Georges Masson : Quelles sont les observations qui, globalement, vous ont conduite à être sceptique
quant à ce projet ?
Christiane Stutzmann : Globalement, je vous dirai que la fusion des deux scènes lyriques de Nancy et
de Metz ne garantit pas un moindre coût, et que le projet de fusion entraînera un plan social, lourd de
conséquences sur les plans économique et humain. De ce fait, elle affectera inévitablement la qualité de
la création artistique, qui, elle, doit rester absolument prioritaire. De plus, la fusion n’est pas
automatiquement compatible avec une image culturelle forte de la Lorraine. Celle-ci exige un
rayonnement pluridisciplinaire de qualité. D’autre part, une programmation commune conduirait à
diminuer l’offre, puisque l’on ne pourrait, évidemment, pas jouer simultanément dans les deux villes.

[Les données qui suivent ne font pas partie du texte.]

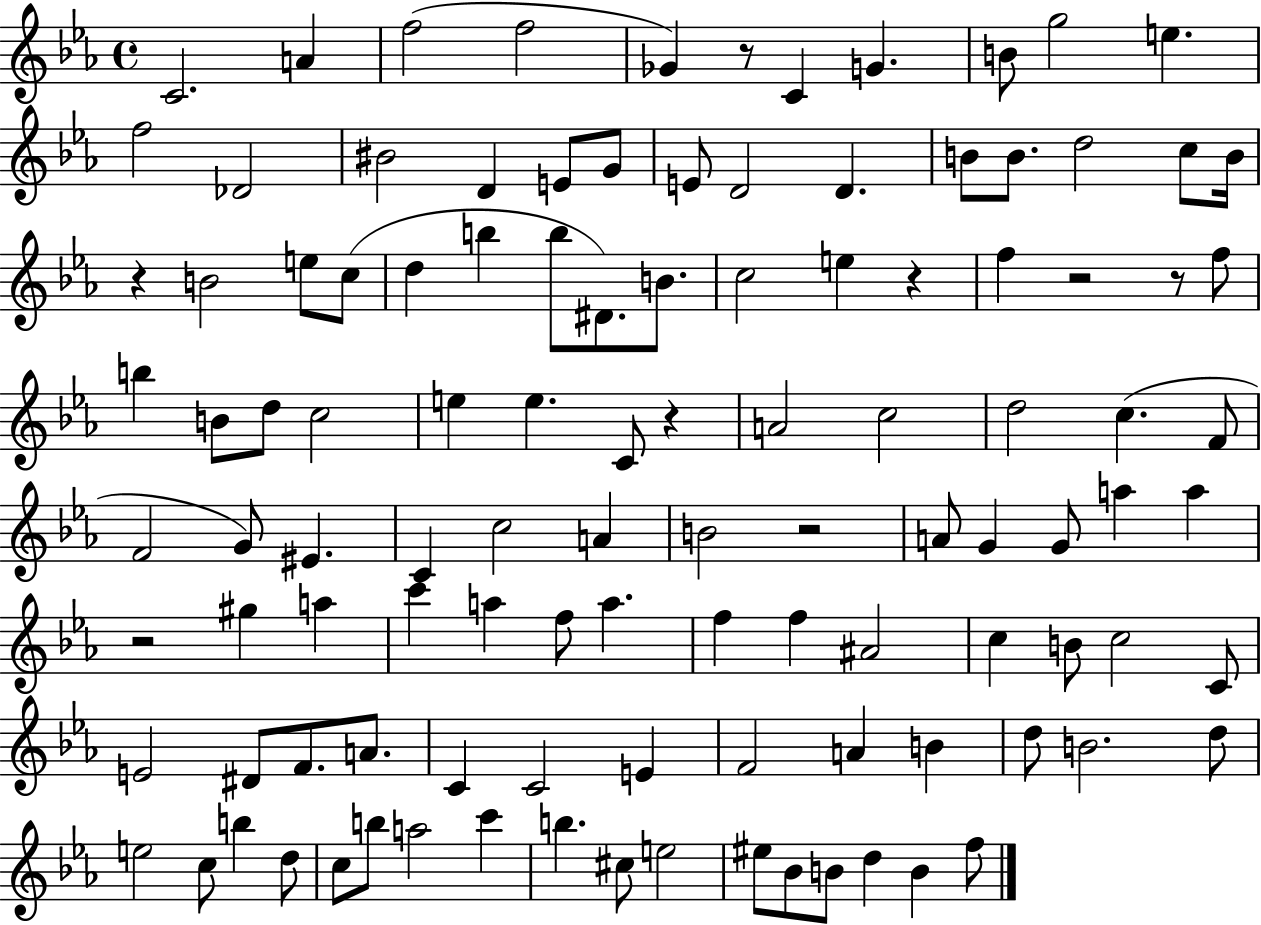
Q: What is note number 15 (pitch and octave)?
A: E4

LES CONSEQUENCES : UN APPAUVRISSEMENT
G.M. : Est-ce une perspective de décroissance que vous appréhendez ?
Ch.S. : C’est une constatation : le point fort de Nancy est, incontestablement, sa scène lyrique, et celui
de Metz est son orchestre. Faut-il pour autant les réunir à tout prix en ignorant les conséquences d’une
telle décision ? La conséquence en sera, inévitablement, un appauvrissement. La solution serait de
s’orienter plutôt vers un rapprochement, une coordination, forte et cohérente.
G.M. : Pouvez-vous nous fixer dans leurs détails, les objections d’ensemble que vous formulez ?

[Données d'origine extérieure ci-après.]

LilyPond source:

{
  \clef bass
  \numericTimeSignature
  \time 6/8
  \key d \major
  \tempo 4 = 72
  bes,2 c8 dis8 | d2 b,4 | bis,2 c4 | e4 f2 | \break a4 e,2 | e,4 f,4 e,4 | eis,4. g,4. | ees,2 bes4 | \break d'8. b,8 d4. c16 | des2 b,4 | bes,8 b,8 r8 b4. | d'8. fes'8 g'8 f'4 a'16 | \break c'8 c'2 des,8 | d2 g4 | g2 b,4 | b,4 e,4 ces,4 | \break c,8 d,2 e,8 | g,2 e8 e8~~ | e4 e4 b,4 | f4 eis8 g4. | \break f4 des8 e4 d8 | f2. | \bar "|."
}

Ch.S. : Le premier des inconvénients, en cas de fusion, est d’ordre technique. Dans une production
lyrique faite pour la scène de l’Opéra National de Lorraine (Nancy), le décor serait complètement
sacrifié, comme ce fut le cas précédemment pour « Carmen » et pour « L’Italienne à Alger » (saison
2011-2012), et ceci, afin de pouvoir tenir sur la scène de l’Opéra-Théâtre de Metz, en raison de la
différence de taille des deux scènes, celle de Metz étant la plus petite de France. Ce qui conduirait à une
programmation adaptable aux deux scènes et réduirait, d’emblée, à Nancy, la programmation d’opéras à
grand spectacle, dignes d’un Opéra national.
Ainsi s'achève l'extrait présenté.